NC Recovery Series: STEP Program Helps Fair Bluff Homeowner Recover

Monday, February 18, 2019 - 1:30pm

FAIR BLUFF - For more than 50 years, Iniz Bullock has lived in the Fair Bluff home handed down to her by her mother.  The home sits just two blocks from Main Street and the Lumber River and it remained dry for most of her life, until it was flooded twice - by Hurricane Matthew in 2016 and again by Hurricane Florence in 2018.

When Hurricane Matthew struck, Bullock’s floors, walls, clothes and furniture were ruined and filled with mold. “There was so much water in the house it looked like a house on a river,” she said.  After the storm her home was gutted from top to bottom and repaired.  
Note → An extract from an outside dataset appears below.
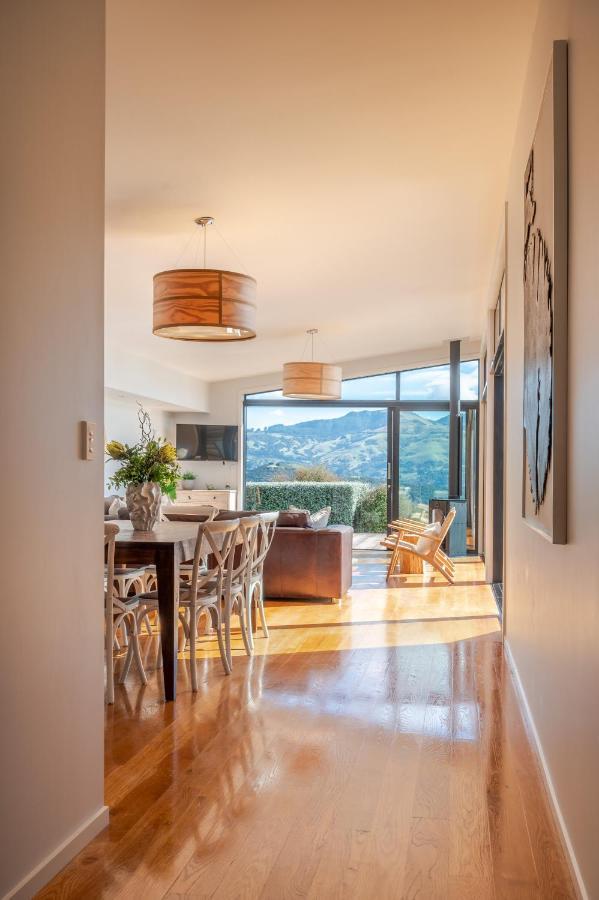 Million Dollar View - Takamatua Holiday Home Акароа Экстерьер фото
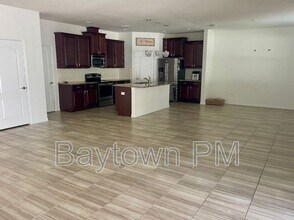 7511 S Mascotte St in Tampa, FL - Building Photo - Building Photo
When Hurricane Florence hit, twelve inches of water rose inside the home, covering the electrical outlets on the walls. Bullock was again displaced and stayed with a nearby family member.  This time she is starting repairs to her home by participating in the STEP program.

Sheltering and Temporary Essential Power (STEP) provides rapid, partial repairs, to make homes safe, clean, and secure, so families can return to their homes. This is the first time STEP has been used in North Carolina.

North Carolina Baptists on Mission (NCBM) is one of the voluntary groups participating in STEP.  Baptist work crews have already started or completed dozens of STEP repairs including Bullock’s home.  The repairs included new dry wall, a hot water heater, a kitchen sink and flooring. Bullock’s floors were installed by a group of college students volunteering under NCBM.  An army of general contractors are also repairing homes in the STEP program.   More than 4,200 homes are scheduled to be repaired before the program’s end in early April. 

“It’s such a blessing to have people to help,” she said. “The work crews with the Baptists on Mission always call and check on me to see how I’m doing”.

STEP is available to eligible homeowners in: Bladen, Brunswick, Carteret, Columbus, Craven, Cumberland, Duplin, Jones, New Hanover, Onslow, Pender and Robeson counties. Homeowners were selected by the Federal Emergency Management Agency (FEMA) based on data gathered from survivors who registered with FEMA. 


Hurricane Florence left a path of destruction and flooding through the state in September 2018. Since then, North Carolinians, with the help of federal and state resources, as well as nonprofit groups, have worked to rebuild hard hit areas. These stories showcase their recovery journeys as North Carolinians move forward rebuilding with strength and resilience.